Wednesday, December 19, 2007

Fun Boy Three, the 1980s and all that....


It's been a while - my blog has been sadly neglected during a very busy term, which is thankfully now over.


Yesterday I found myself in a strangely 1980s musical mood. I started off listening to Arcade Fire but was then overcome with an overwhelming urge to listen to the Fun Boy Three, Madness, The Jam, Iggy Pop, The Style Council and Eurythmics. I'm not ashamed - I enjoyed it and it's not even my favourite 80s music. The Fun Boy Three are great though, they look very dated if you watch their videos but they wrote great lyrics - I think Terry Hall is one of the most underated lyricists of our time.

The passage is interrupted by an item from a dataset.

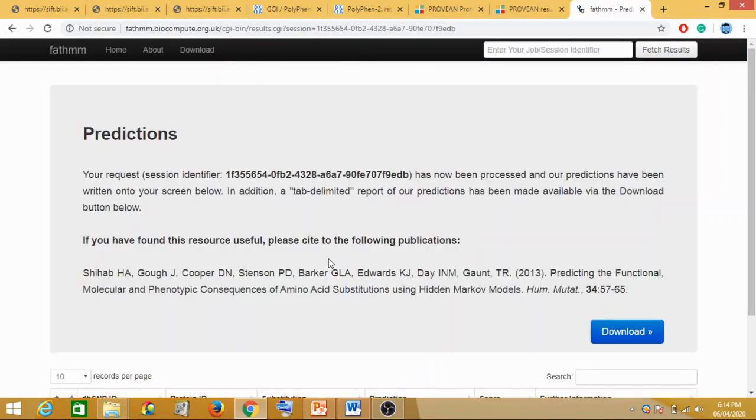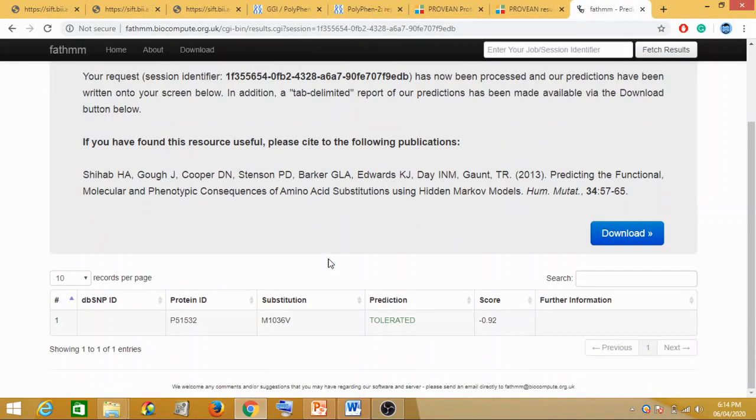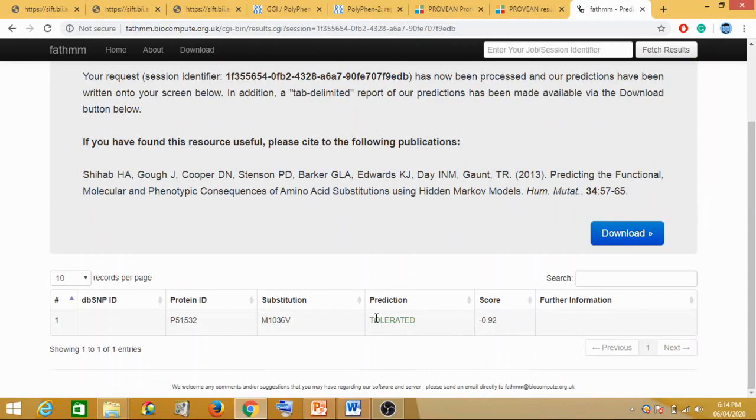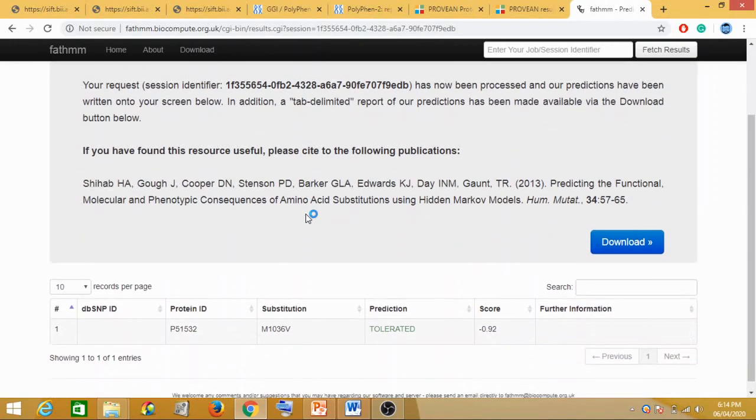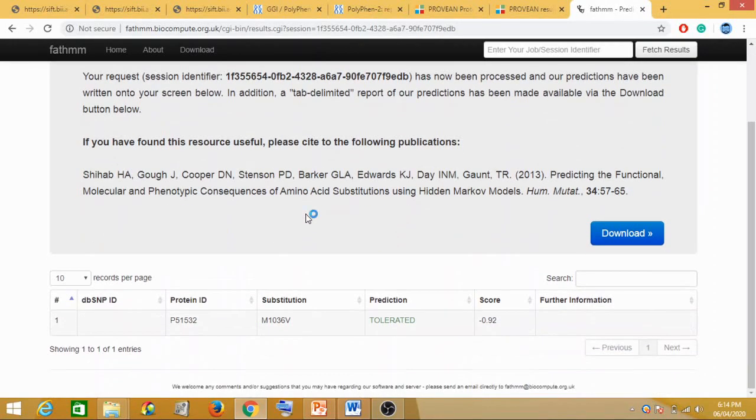Now for FATHMM. The FATHMM score was -0.92, and the prediction here is tolerated. So if we are using HMM approach for carrying out mutation analysis for this, it has given us not deleterious but tolerated.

There is something about 80s music - it must be the influence of the era. I sometimes wonder if the way I am is because I was a teen in the 80s - it has left me slightly cynical and a bit of a pessimist. Friends who were teens in the 70s seem to have a different outlook on life. The 80s was a bleak time especially politically. On the one hand there was a lot of frivolous stuff going on - lightweight music like Duran Duran and Wham, there were some ridicolous fashions (big hair, the bubble skirt!) and some people were getting rich quick. But on the other side of the coin there was the miners strike, race riots, the National Front were getting big, there was The Falklands War, mass privatisation, The Peace Convoy and the way they were hounded and finally beaten by the police in the infamous Battle of the Beanfield. It was a bleak time for young people too - there was massively high unemployment which was why some people went on the road - or like me went to live in a commune.


Out of this however did come some really great music, which wouldn't have existed without the backdrop of those times - UB40, The Specials, Fun Boy Three, Linton Kwesi Johnson, The Beat etc.


I saw a piece of graffitti recently that read "there's no point in voting, if it changed anything it would be illegal." I understood the sentiment, but I disagree - anyone who lived through the 1980s will tell you - things could be a lot worse.